I believe it may be a harmless orphan record and so running a backup
and restore corrects it.
Thanks again for your support,
Aldo Caruso
El 07/01/12 19:19, Ann Harrison escribió:
>[Non-text portions of this message have been removed]
> On Sat, Jan 7, 2012 at 9:19 AM, Aldo Caruso
> <aldo.caruso@... <mailto:aldo.caruso%40argencasas.com>> wrote:
>
> > I didn't lose information, so I assume it was an orphaned back
> version.
> > Nevertheless it is not clear what produced this pattern:
> >
> > - The client (flamerobin) tried to apply an update on a table.
> > - The update was rejected because of a lock conflict (normal behavior
> > when other clients are also applying updates).
>
> OK.
>
> > - The client did a transaction rollback.
>
> OK.
>
> > - Any subsequent attempt to apply the same update hanged the client for
> > ever.
>
> That's truly strange. I don't suppose you saved the database with the
> stuck record? Here's what's supposed to happen. When a transaction
> attempts to update a record that was updated by a concurrent
> transaction, it asks the lock manager for a shared lock on the
> conflicting transaction's transaction number. Each transaction keeps
> an exclusive lock on its transaction id until it completes. When the
> conflicting transaction completes, the waiting transaction is
> notified, checks the state of the transaction it was waiting for, and
> if that transaction committed, it gets an update conflict error.

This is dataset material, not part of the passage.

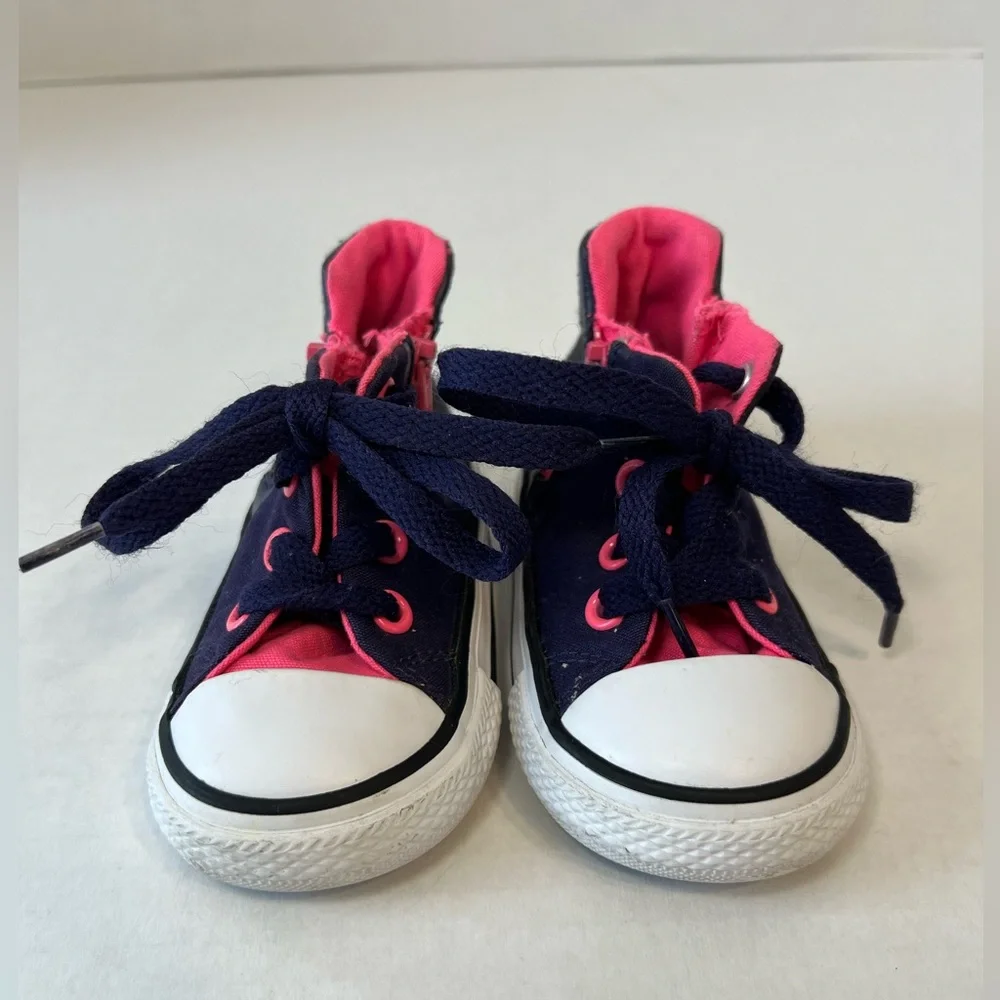 Converse‎ All-Star shoes size 5, baby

> That's the most common way for conflicts to be resolved. The
> transaction that got the error rolls back, restarts, finds that the
> previously conflicting change is no longer a conflict because the
> running transaction started after the new version was committed and
> all is well... more or less. As long as transactions correctly change
> their state from active to committed or rolled back when they end,
> conflicts go away.
>
> The second type of conflict is an actual deadlock, detected by the
> lock manager. The lock manager is an in-memory subsystem that manages
> a table of locks. It does a periodic walk of the wait-graph, looking
> for cycles. So if transaction 123 is waiting for transaction 100 and
> transaction 100 is waiting for 123 (or any sequence that leads to a
> cycle, could be ten or twenty transactions long). When the lock
> manager finds a cycle, it picks a victim and Firebird sends that
> transaction a message telling it to give up.
>
> It's vaguely possible that the lock manager code might incorrectly
> fail to release a lock, but since that's entirely in memory,
> restarting the server would resolve the problem.
>
> > - Only solution: backup and restore.
> >
>
> I'm having a very hard time imagining a situation that would require a
> backup/restore to resolve a record update conflict. A partial
> two-phase commit is the one situation that might seem intractable, but
> it should cause the backup to fail, unless it was run with the "ignore
> limbo" switch. And when a transaction tries to update a record that
> was updated by an early transaction that failed in the middle of a
> two-phase commit, it gets an immediate error, which should suggest
> that gfix be used to resolve the state of that transaction.
>
> Transactions wait only for transactions that are active. When the
> server restarts, it looks at the state of transactions with numbers
> lower than the Next Transaction value on the header page and sets them
> to "rolled back". I don't suppose you saved that database...
>
> Good luck,
>
> Ann
>
>